▸ DATA SUPPLIED
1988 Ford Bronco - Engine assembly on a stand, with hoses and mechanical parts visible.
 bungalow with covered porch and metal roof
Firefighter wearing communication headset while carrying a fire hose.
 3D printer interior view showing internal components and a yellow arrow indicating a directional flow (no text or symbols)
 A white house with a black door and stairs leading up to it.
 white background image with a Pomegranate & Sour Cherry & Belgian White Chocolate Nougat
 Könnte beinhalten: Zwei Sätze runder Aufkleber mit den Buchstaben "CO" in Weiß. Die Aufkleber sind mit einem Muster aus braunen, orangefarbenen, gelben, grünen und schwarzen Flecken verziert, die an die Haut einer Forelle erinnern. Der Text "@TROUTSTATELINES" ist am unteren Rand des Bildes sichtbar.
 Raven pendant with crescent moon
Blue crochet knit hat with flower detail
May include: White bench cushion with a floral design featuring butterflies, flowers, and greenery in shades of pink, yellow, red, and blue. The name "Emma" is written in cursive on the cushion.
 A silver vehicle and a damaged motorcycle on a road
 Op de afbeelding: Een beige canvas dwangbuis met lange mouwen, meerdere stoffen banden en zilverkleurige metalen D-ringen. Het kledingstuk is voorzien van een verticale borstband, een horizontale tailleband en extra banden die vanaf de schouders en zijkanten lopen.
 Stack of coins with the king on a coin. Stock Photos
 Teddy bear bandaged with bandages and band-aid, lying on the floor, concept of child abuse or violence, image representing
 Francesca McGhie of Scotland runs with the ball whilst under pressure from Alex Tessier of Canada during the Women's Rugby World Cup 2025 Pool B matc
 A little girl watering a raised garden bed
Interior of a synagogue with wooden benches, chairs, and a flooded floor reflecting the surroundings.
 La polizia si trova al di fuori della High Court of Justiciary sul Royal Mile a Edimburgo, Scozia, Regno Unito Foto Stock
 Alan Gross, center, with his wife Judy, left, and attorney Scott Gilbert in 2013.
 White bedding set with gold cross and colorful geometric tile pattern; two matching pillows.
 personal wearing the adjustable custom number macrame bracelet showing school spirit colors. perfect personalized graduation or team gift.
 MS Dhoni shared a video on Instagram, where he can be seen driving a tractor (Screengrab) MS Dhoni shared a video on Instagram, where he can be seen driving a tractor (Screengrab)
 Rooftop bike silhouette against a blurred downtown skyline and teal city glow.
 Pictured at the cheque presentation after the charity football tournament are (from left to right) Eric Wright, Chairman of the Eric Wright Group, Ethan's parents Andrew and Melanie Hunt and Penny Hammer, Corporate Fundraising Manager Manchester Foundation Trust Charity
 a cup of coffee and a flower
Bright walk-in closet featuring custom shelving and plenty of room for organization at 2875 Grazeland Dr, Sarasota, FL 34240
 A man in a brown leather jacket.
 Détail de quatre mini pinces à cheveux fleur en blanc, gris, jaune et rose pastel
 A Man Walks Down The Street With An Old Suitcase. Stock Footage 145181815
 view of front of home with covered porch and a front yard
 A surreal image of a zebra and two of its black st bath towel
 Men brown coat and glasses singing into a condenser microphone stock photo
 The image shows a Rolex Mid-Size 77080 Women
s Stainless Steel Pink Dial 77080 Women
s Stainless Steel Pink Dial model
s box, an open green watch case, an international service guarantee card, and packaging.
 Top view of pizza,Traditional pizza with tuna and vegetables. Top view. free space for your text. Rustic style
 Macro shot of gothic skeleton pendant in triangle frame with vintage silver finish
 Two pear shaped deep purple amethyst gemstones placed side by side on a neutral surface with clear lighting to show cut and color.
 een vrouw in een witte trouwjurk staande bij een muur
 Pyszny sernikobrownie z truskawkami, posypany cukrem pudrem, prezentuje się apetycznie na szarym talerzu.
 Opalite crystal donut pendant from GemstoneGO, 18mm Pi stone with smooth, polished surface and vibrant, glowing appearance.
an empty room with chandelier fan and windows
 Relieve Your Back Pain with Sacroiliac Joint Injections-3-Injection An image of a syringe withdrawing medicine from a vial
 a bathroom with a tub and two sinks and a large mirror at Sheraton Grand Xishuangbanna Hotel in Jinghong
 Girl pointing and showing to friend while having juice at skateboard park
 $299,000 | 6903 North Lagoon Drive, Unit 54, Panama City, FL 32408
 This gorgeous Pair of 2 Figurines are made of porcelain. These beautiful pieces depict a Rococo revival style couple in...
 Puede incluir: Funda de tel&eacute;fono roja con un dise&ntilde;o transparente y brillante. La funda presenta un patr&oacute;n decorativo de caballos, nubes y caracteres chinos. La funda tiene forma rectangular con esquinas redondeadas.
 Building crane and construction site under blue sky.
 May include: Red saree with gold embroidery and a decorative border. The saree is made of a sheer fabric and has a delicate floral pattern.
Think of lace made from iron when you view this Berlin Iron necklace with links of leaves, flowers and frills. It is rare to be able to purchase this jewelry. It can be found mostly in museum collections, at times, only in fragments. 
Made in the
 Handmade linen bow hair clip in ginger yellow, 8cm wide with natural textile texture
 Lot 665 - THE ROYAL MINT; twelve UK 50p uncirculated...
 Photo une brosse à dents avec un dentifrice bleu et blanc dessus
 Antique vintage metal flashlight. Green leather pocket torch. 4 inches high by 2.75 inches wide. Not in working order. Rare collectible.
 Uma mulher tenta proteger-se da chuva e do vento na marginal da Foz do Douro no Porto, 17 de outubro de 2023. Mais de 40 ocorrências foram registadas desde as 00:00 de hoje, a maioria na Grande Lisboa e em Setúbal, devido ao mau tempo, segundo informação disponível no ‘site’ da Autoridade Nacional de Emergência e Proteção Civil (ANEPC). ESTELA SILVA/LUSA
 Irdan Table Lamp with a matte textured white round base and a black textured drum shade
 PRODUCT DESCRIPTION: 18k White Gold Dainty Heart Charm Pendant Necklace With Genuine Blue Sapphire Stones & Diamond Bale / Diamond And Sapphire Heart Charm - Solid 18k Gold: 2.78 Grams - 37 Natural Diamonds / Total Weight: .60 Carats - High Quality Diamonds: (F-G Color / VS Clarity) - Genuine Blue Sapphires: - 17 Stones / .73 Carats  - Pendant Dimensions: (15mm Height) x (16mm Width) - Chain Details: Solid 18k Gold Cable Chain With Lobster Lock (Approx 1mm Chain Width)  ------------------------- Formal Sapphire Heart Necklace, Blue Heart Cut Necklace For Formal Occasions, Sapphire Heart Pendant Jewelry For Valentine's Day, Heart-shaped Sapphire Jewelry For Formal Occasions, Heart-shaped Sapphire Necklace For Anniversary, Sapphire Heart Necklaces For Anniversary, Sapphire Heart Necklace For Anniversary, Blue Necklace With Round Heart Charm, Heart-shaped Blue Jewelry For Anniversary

▸ TASK STATEMENT
Would you please give all of the entries above once more, exactly as they are?

▸ RESULT FOR THIS TASK
1988 Ford Bronco - Engine assembly on a stand, with hoses and mechanical parts visible.
 bungalow with covered porch and metal roof
Firefighter wearing communication headset while carrying a fire hose.
 3D printer interior view showing internal components and a yellow arrow indicating a directional flow (no text or symbols)
 A white house with a black door and stairs leading up to it.
 white background image with a Pomegranate & Sour Cherry & Belgian White Chocolate Nougat
 Könnte beinhalten: Zwei Sätze runder Aufkleber mit den Buchstaben "CO" in Weiß. Die Aufkleber sind mit einem Muster aus braunen, orangefarbenen, gelben, grünen und schwarzen Flecken verziert, die an die Haut einer Forelle erinnern. Der Text "@TROUTSTATELINES" ist am unteren Rand des Bildes sichtbar.
 Raven pendant with crescent moon
Blue crochet knit hat with flower detail
May include: White bench cushion with a floral design featuring butterflies, flowers, and greenery in shades of pink, yellow, red, and blue. The name "Emma" is written in cursive on the cushion.
 A silver vehicle and a damaged motorcycle on a road
 Op de afbeelding: Een beige canvas dwangbuis met lange mouwen, meerdere stoffen banden en zilverkleurige metalen D-ringen. Het kledingstuk is voorzien van een verticale borstband, een horizontale tailleband en extra banden die vanaf de schouders en zijkanten lopen.
 Stack of coins with the king on a coin. Stock Photos
 Teddy bear bandaged with bandages and band-aid, lying on the floor, concept of child abuse or violence, image representing
 Francesca McGhie of Scotland runs with the ball whilst under pressure from Alex Tessier of Canada during the Women's Rugby World Cup 2025 Pool B matc
 A little girl watering a raised garden bed
Interior of a synagogue with wooden benches, chairs, and a flooded floor reflecting the surroundings.
 La polizia si trova al di fuori della High Court of Justiciary sul Royal Mile a Edimburgo, Scozia, Regno Unito Foto Stock
 Alan Gross, center, with his wife Judy, left, and attorney Scott Gilbert in 2013.
 White bedding set with gold cross and colorful geometric tile pattern; two matching pillows.
 personal wearing the adjustable custom number macrame bracelet showing school spirit colors. perfect personalized graduation or team gift.
 MS Dhoni shared a video on Instagram, where he can be seen driving a tractor (Screengrab) MS Dhoni shared a video on Instagram, where he can be seen driving a tractor (Screengrab)
 Rooftop bike silhouette against a blurred downtown skyline and teal city glow.
 Pictured at the cheque presentation after the charity football tournament are (from left to right) Eric Wright, Chairman of the Eric Wright Group, Ethan's parents Andrew and Melanie Hunt and Penny Hammer, Corporate Fundraising Manager Manchester Foundation Trust Charity
 a cup of coffee and a flower
Bright walk-in closet featuring custom shelving and plenty of room for organization at 2875 Grazeland Dr, Sarasota, FL 34240
 A man in a brown leather jacket.
 Détail de quatre mini pinces à cheveux fleur en blanc, gris, jaune et rose pastel
 A Man Walks Down The Street With An Old Suitcase. Stock Footage 145181815
 view of front of home with covered porch and a front yard
 A surreal image of a zebra and two of its black st bath towel
 Men brown coat and glasses singing into a condenser microphone stock photo
 The image shows a Rolex Mid-Size 77080 Women
s Stainless Steel Pink Dial 77080 Women
s Stainless Steel Pink Dial model
s box, an open green watch case, an international service guarantee card, and packaging.
 Top view of pizza,Traditional pizza with tuna and vegetables. Top view. free space for your text. Rustic style
 Macro shot of gothic skeleton pendant in triangle frame with vintage silver finish
 Two pear shaped deep purple amethyst gemstones placed side by side on a neutral surface with clear lighting to show cut and color.
 een vrouw in een witte trouwjurk staande bij een muur
 Pyszny sernikobrownie z truskawkami, posypany cukrem pudrem, prezentuje się apetycznie na szarym talerzu.
 Opalite crystal donut pendant from GemstoneGO, 18mm Pi stone with smooth, polished surface and vibrant, glowing appearance.
an empty room with chandelier fan and windows
 Relieve Your Back Pain with Sacroiliac Joint Injections-3-Injection An image of a syringe withdrawing medicine from a vial
 a bathroom with a tub and two sinks and a large mirror at Sheraton Grand Xishuangbanna Hotel in Jinghong
 Girl pointing and showing to friend while having juice at skateboard park
 $299,000 | 6903 North Lagoon Drive, Unit 54, Panama City, FL 32408
 This gorgeous Pair of 2 Figurines are made of porcelain. These beautiful pieces depict a Rococo revival style couple in...
 Puede incluir: Funda de tel&eacute;fono roja con un dise&ntilde;o transparente y brillante. La funda presenta un patr&oacute;n decorativo de caballos, nubes y caracteres chinos. La funda tiene forma rectangular con esquinas redondeadas.
 Building crane and construction site under blue sky.
 May include: Red saree with gold embroidery and a decorative border. The saree is made of a sheer fabric and has a delicate floral pattern.
Think of lace made from iron when you view this Berlin Iron necklace with links of leaves, flowers and frills. It is rare to be able to purchase this jewelry. It can be found mostly in museum collections, at times, only in fragments. 
Made in the
 Handmade linen bow hair clip in ginger yellow, 8cm wide with natural textile texture
 Lot 665 - THE ROYAL MINT; twelve UK 50p uncirculated...
 Photo une brosse à dents avec un dentifrice bleu et blanc dessus
 Antique vintage metal flashlight. Green leather pocket torch. 4 inches high by 2.75 inches wide. Not in working order. Rare collectible.
 Uma mulher tenta proteger-se da chuva e do vento na marginal da Foz do Douro no Porto, 17 de outubro de 2023. Mais de 40 ocorrências foram registadas desde as 00:00 de hoje, a maioria na Grande Lisboa e em Setúbal, devido ao mau tempo, segundo informação disponível no ‘site’ da Autoridade Nacional de Emergência e Proteção Civil (ANEPC). ESTELA SILVA/LUSA
 Irdan Table Lamp with a matte textured white round base and a black textured drum shade
 PRODUCT DESCRIPTION: 18k White Gold Dainty Heart Charm Pendant Necklace With Genuine Blue Sapphire Stones & Diamond Bale / Diamond And Sapphire Heart Charm - Solid 18k Gold: 2.78 Grams - 37 Natural Diamonds / Total Weight: .60 Carats - High Quality Diamonds: (F-G Color / VS Clarity) - Genuine Blue Sapphires: - 17 Stones / .73 Carats  - Pendant Dimensions: (15mm Height) x (16mm Width) - Chain Details: Solid 18k Gold Cable Chain With Lobster Lock (Approx 1mm Chain Width)  ------------------------- Formal Sapphire Heart Necklace, Blue Heart Cut Necklace For Formal Occasions, Sapphire Heart Pendant Jewelry For Valentine's Day, Heart-shaped Sapphire Jewelry For Formal Occasions, Heart-shaped Sapphire Necklace For Anniversary, Sapphire Heart Necklaces For Anniversary, Sapphire Heart Necklace For Anniversary, Blue Necklace With Round Heart Charm, Heart-shaped Blue Jewelry For Anniversary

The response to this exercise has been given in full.